### Source data
········
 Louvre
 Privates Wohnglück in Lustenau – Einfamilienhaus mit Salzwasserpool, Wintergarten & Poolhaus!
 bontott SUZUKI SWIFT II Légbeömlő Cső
········
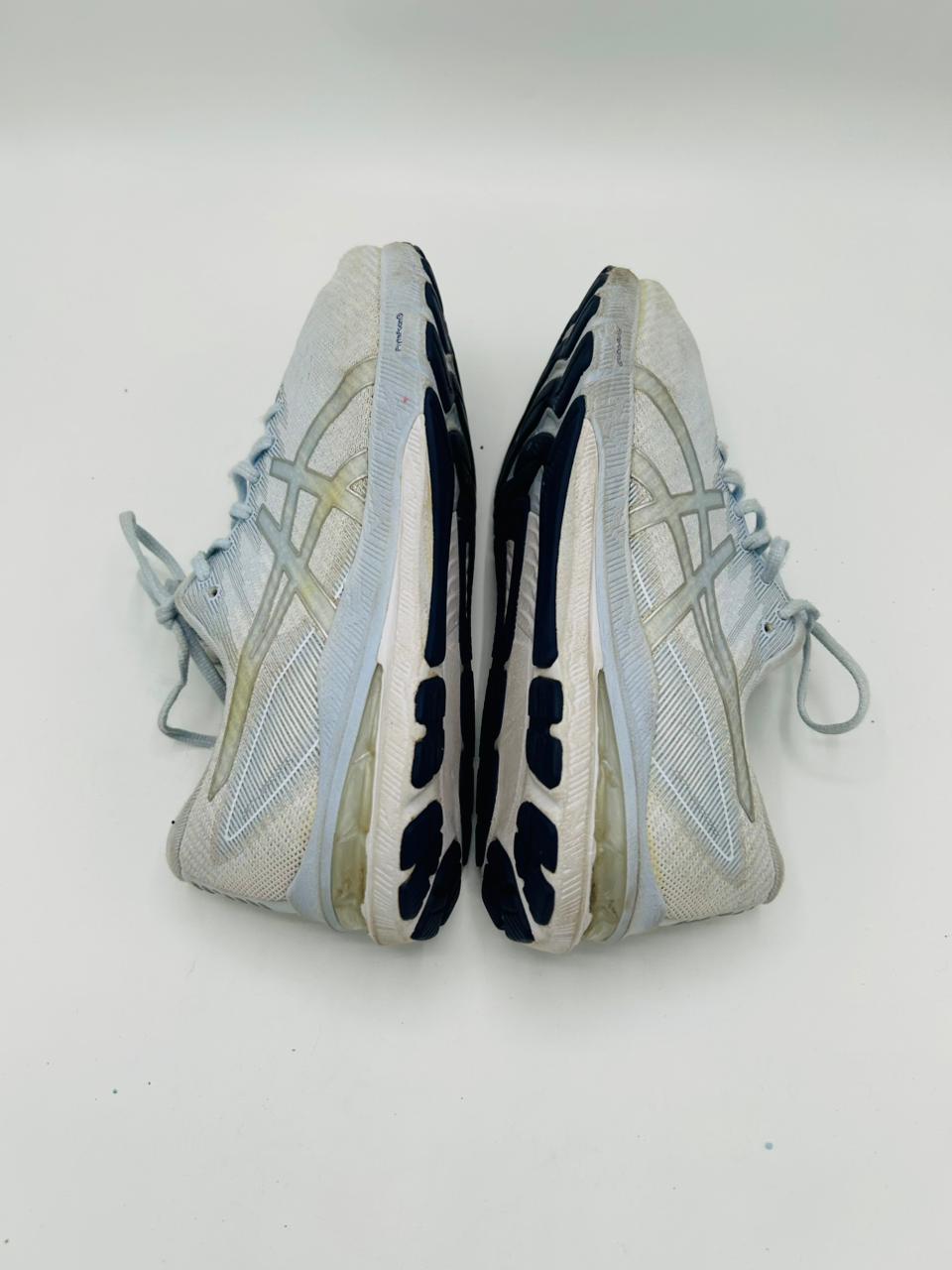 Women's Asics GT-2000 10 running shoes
········
### Exercise details
What you give back should be exactly the lines of the data above from the line with "Privates Wohnglück in" through the line with "bontott SUZUKI SWIFT II Légbeömlő Cső", both of those included, and nothing more.

### Exercise output
 Privates Wohnglück in Lustenau – Einfamilienhaus mit Salzwasserpool, Wintergarten & Poolhaus!
 bontott SUZUKI SWIFT II Légbeömlő Cső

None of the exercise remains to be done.